The logistics curve has a logical mechanical reason for applying to bacterial growth where in an unconstrained situation the rate of increase is proportional to the current bacteria population and the availability of the constraining resource.

However for oil production it isn't the past cumulative historical production (Q=sum(P)) that determines the rate of production growth but the current size of the exploration industry (I). Here is an alternative simple model that has to my mind some more relevant significance to the terms.

dI/dt = (h(Qt-Q)-j)I,
dP/dt= r(Qt-Q)I - nP,

where:
r is a parameter related to the exploratory success rate
n is the average infield decline rate
j is a depreciation factor
h is a parameter associated with the insentives to increase exploratory effort.

If we add some apropriate parameters this also forms a nice bell curve.  Is this a better model than the logistic curve?  I couldn't say, but it does have the advantage that it makes some mechanistic sense.

Nero is darn near close to what I advocate, as far as I can tell:

I(t) = Discoveries,
dQ/dt = I(t) - n Q(t),
P(t) = a Q

I go through a few more 1st-order transforms because you have to consider latencies corresponding to fallow periods, construction periods, and maturation periods. I have the math all worked out, have the source code to do the numerical integration, and it basically looks like this if you assume that the Discoveries curve follows a quadratic growth curve for the USA (peaking after 1930) That blue curve comes out to a quadratic (i.e. peaked parabola) convolved with a 4-th order gamma curve (i.e. 4 exponentials of the same rate convolved sequentially). It accurately maps over a range 5 orders of magnitude.

This is completely off topic I realize, however, all the charts and graphs in the world will be worth less if this thing goes through.  I hope the link works.

This may be just so much saber rattleing, but if Iran calles their bluff, do you really think George Bush is going to back down.

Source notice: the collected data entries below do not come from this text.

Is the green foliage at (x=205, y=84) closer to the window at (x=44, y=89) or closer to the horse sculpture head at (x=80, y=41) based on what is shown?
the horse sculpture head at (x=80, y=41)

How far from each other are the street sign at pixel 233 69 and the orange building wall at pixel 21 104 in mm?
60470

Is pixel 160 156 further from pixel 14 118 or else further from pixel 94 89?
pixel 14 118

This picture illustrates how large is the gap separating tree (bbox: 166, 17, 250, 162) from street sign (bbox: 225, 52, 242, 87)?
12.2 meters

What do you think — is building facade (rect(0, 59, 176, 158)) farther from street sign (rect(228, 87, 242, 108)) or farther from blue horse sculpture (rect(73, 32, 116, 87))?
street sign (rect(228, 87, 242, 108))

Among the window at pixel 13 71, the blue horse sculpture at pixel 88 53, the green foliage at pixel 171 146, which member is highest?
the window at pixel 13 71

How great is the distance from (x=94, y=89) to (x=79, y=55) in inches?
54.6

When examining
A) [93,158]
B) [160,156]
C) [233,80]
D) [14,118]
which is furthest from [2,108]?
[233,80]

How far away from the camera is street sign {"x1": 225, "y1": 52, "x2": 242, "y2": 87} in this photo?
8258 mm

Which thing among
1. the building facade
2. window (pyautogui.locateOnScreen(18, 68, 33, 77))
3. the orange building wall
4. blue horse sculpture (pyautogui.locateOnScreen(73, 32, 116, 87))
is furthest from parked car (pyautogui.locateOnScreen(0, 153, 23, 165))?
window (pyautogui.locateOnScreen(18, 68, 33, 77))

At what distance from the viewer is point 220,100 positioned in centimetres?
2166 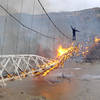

If we knew where the crucial scientists, engineers and technicians slept at night we could bomb their homes with GPS guided weapons carried by F-117s. Afterwords we just deny any involvement and blame the explosions on terrorists.
Below a normal-quantiles plot useful in order to compare distributions and in particular tail deviations: original image

The production is mainly gaussian but deviates a little bit at the beginning.

Nice!
I forgot to give the different parameters I used:

Gaussian:
log(P)= -6.6824e-004 x t^2 + 2.6406 x t - 2.6075e+003
mean= 1.9758e+003
variance= 748.23
URR= 220.5 Gb

Logistic:
K= 6.11%
URR= 221.6 Gb

The fit was performed using a robust fit technique (function robustfit in Matlab) with the data from 1936 to 2005.